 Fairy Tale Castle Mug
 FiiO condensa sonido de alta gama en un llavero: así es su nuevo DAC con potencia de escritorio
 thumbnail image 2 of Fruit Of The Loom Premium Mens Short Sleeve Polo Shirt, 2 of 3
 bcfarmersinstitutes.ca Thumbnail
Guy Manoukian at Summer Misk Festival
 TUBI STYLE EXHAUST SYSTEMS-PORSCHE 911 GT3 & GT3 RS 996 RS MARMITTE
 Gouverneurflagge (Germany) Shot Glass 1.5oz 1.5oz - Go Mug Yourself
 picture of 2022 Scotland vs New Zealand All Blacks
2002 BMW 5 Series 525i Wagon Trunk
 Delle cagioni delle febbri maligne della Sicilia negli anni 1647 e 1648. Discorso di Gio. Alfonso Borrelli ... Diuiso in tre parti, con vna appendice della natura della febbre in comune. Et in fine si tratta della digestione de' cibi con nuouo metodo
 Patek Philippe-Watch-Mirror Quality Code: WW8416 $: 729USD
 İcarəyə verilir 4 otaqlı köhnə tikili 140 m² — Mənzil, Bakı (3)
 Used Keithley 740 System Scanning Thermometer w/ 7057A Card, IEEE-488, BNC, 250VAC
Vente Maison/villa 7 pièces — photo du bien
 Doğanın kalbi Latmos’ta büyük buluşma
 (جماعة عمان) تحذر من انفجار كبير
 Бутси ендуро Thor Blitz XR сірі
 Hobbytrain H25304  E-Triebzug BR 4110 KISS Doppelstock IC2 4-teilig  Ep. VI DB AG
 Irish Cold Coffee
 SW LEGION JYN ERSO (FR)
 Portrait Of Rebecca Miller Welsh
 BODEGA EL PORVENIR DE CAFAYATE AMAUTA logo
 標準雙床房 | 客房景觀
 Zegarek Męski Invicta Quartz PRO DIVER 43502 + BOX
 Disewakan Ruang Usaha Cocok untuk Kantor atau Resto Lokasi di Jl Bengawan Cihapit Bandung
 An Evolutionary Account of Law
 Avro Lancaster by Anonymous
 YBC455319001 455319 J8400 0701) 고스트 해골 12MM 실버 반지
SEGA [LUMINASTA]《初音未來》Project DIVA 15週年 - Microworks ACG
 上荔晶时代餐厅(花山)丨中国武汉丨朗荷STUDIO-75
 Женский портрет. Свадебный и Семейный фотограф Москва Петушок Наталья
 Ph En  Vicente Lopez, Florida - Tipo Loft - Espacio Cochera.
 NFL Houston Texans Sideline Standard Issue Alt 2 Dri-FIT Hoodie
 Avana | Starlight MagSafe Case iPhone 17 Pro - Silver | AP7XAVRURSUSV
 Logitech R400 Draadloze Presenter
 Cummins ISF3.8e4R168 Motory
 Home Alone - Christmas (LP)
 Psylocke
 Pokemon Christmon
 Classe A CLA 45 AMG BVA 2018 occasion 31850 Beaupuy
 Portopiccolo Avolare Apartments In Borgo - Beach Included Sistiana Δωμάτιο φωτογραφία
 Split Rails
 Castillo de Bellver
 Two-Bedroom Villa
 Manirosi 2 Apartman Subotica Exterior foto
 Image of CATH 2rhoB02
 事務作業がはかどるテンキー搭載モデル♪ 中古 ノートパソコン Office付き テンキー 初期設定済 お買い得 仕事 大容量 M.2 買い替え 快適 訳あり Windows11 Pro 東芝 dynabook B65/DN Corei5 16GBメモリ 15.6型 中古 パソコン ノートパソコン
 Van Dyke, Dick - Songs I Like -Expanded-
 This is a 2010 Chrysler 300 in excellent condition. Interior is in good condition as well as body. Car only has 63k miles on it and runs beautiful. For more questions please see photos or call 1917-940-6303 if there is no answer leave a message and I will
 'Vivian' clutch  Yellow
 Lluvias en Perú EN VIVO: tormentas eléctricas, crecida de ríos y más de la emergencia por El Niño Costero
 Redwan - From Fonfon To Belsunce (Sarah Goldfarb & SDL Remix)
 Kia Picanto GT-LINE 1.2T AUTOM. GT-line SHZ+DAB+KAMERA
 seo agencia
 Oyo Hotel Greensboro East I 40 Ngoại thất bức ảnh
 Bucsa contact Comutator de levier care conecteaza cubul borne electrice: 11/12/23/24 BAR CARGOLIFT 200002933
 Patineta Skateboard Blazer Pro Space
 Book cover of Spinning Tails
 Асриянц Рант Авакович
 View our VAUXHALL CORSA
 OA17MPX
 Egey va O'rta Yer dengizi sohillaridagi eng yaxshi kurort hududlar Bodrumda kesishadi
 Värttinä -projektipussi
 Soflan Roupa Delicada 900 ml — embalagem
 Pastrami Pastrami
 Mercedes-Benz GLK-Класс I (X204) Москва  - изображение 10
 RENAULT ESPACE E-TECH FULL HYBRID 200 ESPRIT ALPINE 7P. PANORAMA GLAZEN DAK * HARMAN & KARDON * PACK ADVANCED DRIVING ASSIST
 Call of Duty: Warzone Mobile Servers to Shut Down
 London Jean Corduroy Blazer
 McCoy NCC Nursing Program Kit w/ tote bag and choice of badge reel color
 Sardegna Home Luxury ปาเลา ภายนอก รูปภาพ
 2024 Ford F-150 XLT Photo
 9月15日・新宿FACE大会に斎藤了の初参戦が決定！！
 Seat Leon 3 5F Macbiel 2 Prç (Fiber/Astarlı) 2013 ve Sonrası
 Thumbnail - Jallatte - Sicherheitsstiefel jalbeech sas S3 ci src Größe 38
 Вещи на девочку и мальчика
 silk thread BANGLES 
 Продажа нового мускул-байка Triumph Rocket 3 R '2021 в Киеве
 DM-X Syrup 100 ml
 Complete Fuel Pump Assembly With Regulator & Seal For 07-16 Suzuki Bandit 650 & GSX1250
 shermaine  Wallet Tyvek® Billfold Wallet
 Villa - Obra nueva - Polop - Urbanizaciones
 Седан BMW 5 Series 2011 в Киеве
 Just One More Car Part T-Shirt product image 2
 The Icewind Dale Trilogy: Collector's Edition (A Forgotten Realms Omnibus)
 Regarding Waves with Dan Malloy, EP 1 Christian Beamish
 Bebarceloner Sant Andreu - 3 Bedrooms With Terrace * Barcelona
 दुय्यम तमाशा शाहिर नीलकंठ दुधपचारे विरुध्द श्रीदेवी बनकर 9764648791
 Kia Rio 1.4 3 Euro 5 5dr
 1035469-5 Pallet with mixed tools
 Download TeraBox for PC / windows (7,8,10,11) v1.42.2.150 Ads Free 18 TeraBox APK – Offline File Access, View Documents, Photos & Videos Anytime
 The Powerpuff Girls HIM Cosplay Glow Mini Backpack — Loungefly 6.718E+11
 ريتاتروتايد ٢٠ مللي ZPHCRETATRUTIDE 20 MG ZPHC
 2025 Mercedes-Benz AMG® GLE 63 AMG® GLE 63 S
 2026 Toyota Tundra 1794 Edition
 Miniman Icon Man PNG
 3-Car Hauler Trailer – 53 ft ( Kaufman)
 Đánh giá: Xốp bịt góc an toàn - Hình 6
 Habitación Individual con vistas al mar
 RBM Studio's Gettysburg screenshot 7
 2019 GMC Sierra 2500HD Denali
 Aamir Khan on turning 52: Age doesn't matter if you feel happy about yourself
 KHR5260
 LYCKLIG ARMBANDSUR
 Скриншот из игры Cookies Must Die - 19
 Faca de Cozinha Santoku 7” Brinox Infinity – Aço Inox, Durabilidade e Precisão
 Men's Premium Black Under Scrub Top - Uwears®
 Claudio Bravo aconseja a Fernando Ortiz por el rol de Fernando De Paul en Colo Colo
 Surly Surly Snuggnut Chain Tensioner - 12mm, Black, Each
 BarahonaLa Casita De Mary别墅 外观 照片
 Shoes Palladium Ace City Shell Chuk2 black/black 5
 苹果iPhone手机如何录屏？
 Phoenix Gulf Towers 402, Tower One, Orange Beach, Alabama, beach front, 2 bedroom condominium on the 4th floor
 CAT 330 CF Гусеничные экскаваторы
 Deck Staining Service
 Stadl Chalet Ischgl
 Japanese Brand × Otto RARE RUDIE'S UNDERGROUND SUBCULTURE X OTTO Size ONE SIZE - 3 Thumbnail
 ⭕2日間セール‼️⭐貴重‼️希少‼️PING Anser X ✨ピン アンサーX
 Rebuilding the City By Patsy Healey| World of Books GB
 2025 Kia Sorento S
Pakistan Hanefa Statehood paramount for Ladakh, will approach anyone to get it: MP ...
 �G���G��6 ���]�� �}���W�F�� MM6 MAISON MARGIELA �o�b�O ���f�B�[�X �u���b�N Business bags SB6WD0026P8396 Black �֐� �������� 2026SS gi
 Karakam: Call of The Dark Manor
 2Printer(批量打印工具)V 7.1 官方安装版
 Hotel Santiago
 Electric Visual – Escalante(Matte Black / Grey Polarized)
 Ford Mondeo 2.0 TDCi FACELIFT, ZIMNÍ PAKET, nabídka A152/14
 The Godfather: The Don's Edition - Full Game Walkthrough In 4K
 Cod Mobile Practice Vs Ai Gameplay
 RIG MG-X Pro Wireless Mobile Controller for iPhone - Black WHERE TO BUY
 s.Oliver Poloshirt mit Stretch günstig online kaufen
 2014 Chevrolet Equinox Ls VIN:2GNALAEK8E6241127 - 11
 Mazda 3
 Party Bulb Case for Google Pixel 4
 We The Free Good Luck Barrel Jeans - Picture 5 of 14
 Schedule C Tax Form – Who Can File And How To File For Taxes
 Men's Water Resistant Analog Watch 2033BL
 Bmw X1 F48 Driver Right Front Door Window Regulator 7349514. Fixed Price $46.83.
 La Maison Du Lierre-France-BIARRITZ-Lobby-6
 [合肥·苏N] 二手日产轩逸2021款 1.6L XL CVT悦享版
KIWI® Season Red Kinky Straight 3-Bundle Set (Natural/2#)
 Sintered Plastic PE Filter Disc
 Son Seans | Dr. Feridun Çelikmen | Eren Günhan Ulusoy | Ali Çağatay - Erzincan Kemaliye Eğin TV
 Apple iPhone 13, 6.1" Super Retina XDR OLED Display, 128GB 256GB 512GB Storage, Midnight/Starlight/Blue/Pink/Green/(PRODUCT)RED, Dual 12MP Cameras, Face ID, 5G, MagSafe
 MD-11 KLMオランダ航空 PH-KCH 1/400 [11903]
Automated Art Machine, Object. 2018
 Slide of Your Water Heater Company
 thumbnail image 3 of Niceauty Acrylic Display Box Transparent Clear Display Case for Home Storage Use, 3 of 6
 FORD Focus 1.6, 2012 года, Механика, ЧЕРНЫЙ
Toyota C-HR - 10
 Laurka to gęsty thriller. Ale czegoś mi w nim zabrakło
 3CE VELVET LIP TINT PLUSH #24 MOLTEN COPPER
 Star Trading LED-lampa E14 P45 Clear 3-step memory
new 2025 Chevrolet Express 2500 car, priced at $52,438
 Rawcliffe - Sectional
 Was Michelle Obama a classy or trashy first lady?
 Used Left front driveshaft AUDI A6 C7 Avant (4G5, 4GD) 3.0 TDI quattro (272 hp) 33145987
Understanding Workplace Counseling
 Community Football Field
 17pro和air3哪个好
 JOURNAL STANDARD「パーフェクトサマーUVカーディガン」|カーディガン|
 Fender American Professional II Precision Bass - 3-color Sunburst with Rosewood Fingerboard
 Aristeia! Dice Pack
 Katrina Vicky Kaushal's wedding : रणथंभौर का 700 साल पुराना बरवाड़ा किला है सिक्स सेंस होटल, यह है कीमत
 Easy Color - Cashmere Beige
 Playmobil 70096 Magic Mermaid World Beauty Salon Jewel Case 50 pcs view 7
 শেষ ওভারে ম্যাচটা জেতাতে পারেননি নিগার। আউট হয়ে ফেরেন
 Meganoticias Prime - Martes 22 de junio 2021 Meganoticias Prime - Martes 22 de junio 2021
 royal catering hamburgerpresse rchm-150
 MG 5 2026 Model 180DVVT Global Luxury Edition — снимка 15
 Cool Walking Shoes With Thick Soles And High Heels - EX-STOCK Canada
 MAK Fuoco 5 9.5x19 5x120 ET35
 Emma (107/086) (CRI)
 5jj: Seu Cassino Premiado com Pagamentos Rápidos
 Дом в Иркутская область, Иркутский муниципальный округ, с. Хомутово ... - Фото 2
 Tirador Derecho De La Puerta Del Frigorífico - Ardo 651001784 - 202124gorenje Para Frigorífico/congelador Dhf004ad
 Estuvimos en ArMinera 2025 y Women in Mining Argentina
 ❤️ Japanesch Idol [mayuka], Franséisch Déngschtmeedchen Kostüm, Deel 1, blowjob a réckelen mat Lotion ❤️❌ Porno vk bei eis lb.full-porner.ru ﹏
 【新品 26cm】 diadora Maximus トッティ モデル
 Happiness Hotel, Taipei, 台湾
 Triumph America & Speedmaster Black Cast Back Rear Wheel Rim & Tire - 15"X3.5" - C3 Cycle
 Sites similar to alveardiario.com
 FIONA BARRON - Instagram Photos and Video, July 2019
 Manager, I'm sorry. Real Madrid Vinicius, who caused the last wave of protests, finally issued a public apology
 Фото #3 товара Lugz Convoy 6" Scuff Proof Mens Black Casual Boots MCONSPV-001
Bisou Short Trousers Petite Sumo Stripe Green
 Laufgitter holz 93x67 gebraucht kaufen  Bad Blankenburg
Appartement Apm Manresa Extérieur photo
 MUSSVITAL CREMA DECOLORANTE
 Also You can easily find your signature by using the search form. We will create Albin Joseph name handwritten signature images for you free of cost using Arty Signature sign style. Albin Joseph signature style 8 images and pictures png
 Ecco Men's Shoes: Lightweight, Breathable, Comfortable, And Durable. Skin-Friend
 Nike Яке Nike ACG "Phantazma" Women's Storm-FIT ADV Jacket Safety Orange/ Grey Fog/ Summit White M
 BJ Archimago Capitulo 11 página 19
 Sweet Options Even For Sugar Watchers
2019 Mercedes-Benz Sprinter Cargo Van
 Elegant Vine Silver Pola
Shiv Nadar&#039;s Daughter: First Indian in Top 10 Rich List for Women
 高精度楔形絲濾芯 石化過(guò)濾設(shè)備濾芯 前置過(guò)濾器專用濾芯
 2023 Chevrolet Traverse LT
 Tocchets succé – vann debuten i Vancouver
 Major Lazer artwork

> _PROBLEM TO WORK ON_
Repeat, exactly and only, the lines from the beginning of the material through the line that contains "bcfarmersinstitutes.ca Thumbnail".

> _TASK OUTPUT_
 Fairy Tale Castle Mug
 FiiO condensa sonido de alta gama en un llavero: así es su nuevo DAC con potencia de escritorio
 thumbnail image 2 of Fruit Of The Loom Premium Mens Short Sleeve Polo Shirt, 2 of 3
 bcfarmersinstitutes.ca Thumbnail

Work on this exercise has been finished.